É novamente uma questão de registro e de domínio da cena, antes de qualquer outra coisa: não há intimidade fabricada no interior do pequeno apartamento da família, não há dinâmica interna esmiuçada na relação entre pai, mãe e filha que consiga se sustentar diante da potência de um flerte à mesa, entre Padilha e Gustavo Falcão. É quando o filme abandona sua mania de “chicotes”, movimentando a câmera rapidamente de um interlocutor a outro numa cena de conversa, para se escorar no bom e infalível plano-e-contraplano. Há improviso, mas o importante é que também se confia nele. É ali, Praça Saens Peña sabe, que se encontrou o ouro.

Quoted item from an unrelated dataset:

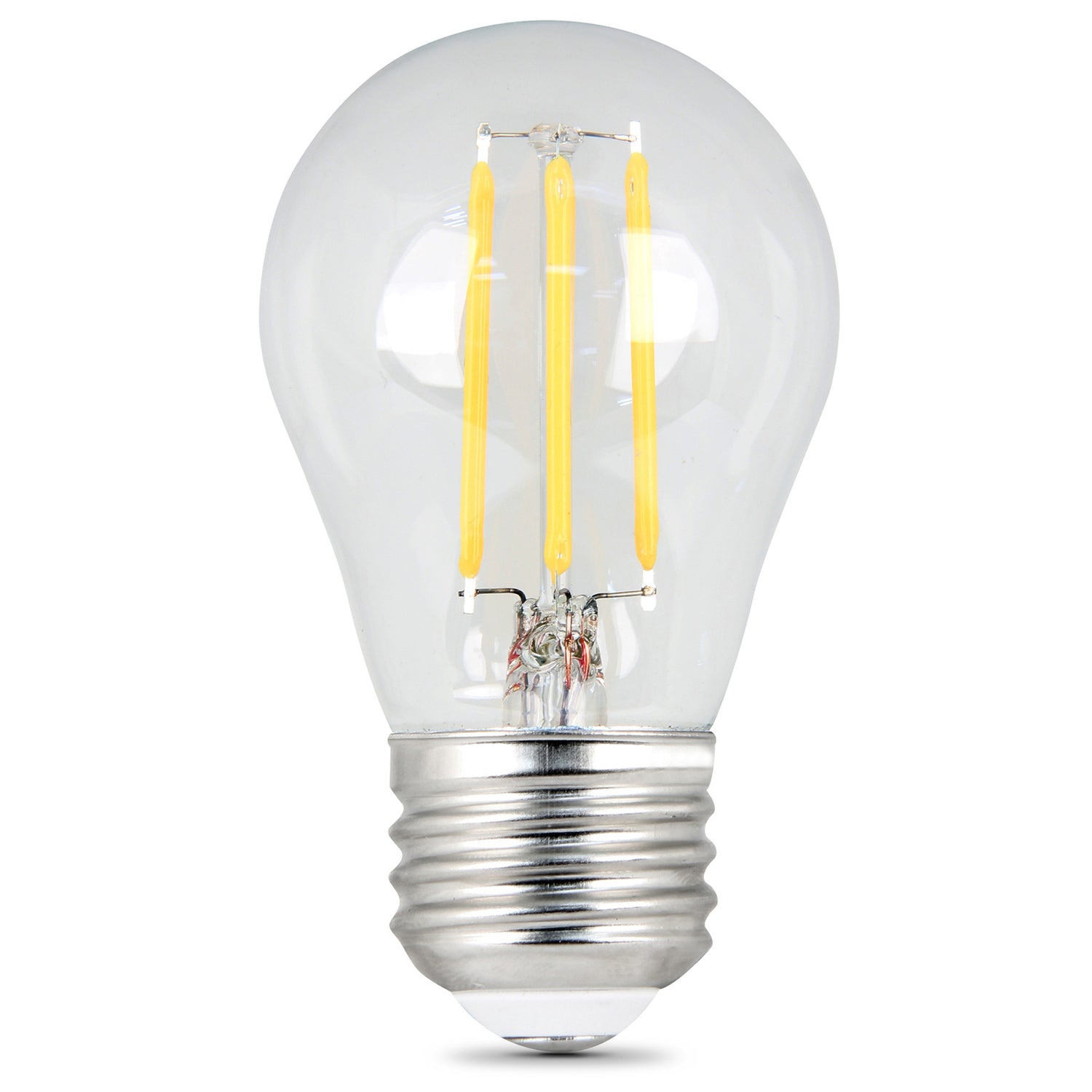 2.7W (25W Replacement) Soft White (2700K) E26 Base A15 Dimmable Clear Filament LED Bulb (2-Pack)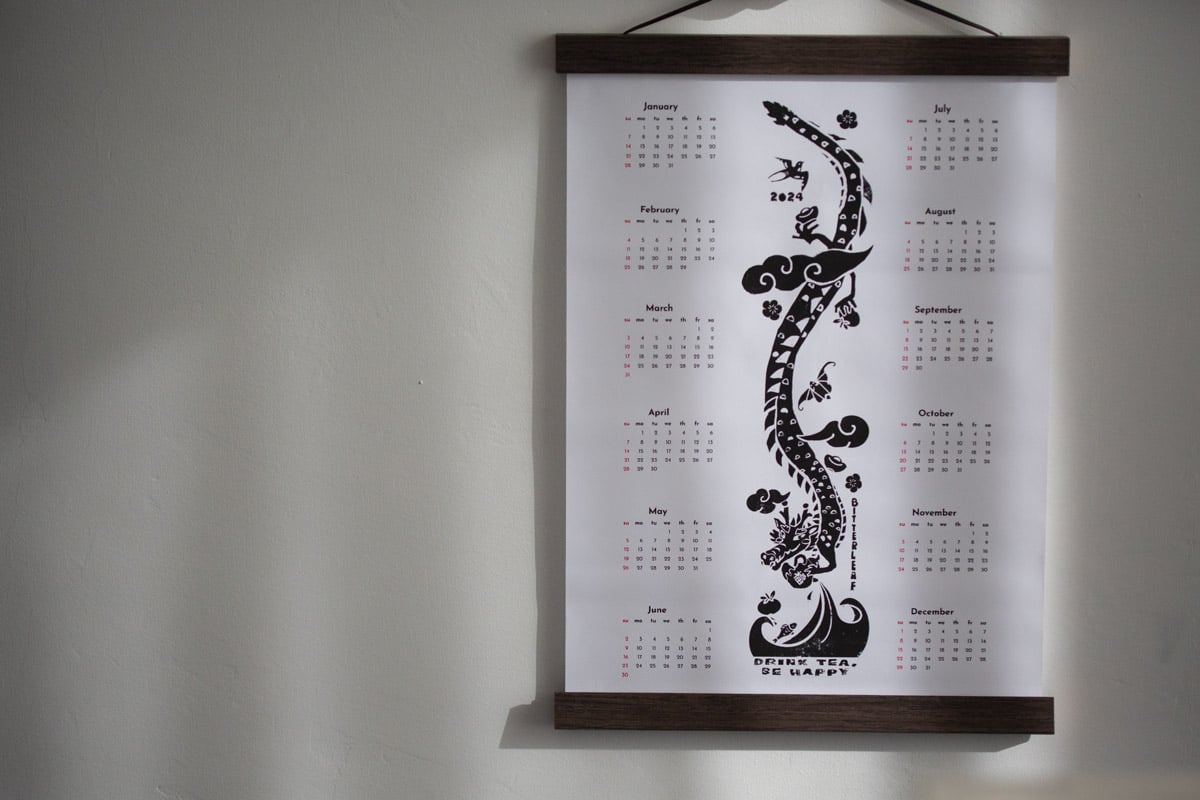 year of the dragon 2024 calendar 3 1 | BITTERLEAF TEAS year of the dragon 2024 calendar 3 1 | BITTERLEAF TEAS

O domínio de Paulo é a imobilidade, e nem a improvisação e a tentativa de fluência o salvarão deste seu destino de apresentador de um universo que o repele quanto mais o filme se assente sobre ele. É no grande momento deslocado dentro da estrutura de Saens Peña, a entrevista que o personagem de Chico Diaz faz com Aldir Blanc (“para o livro”, claro), que esse paradoxo se escancara. Plano fixo, alongado e atravancado, mostrando os dois inteiros no quadro durante todo o tempo, falta a esse contato com a realidade mais pronunciada – um personagem da vida real, oras! – tudo aquilo que transborda a cada novo encontro de Tereza com o amante. E a imobilidade é fatal num filme que tem como profissão-de-fé o movimento, a transformação por quê se passa sempre que um problema é apresentado, vivido em sua integridade, e resolvido mais adiante, onde o tempo é marcado com inscrições na tela (sempre se deseja o próximo mês, ele está à espreita justamente porque é para lá que querem nos levar).

Tamanho descolamento do personagem – muito parecido ao que o próprio Paulo teve quando conheceu a tragédia da favela lá atrás – é perigoso para um certo código moral de relacionamento que povoa os registros desse tipo no cinema brasileiro dos últimos tempos. Não se tratando de um vilão nem de um mocinho, mas de gente-como-a-gente, Paulo seria a fronteira intransponível para o decoro do retratista, mas Saens Peña fica sempre tão melhor quando se desvia dele que nem mesmo a concessão final de Vinícius Reis parece o bastante para restituí-lo como epicentro das ações, e não apenas como a desculpa para se penetrar num mundo que oferece interesses maiores. Reconciliado com a família, Paulo teve o sucesso que merecia. Mas a narração do filme, prerrogativa sua durante todo o tempo, termina nas mãos (e na voz) da filha. A história dessa menina, justamente por ser tão marcada pelo passado e a ainda assim tão disponível a se contaminar da rua, das esquinas e do trânsito de pessoas, talvez seja a mais tijucana de todas – e essa sim ainda está por se escrever.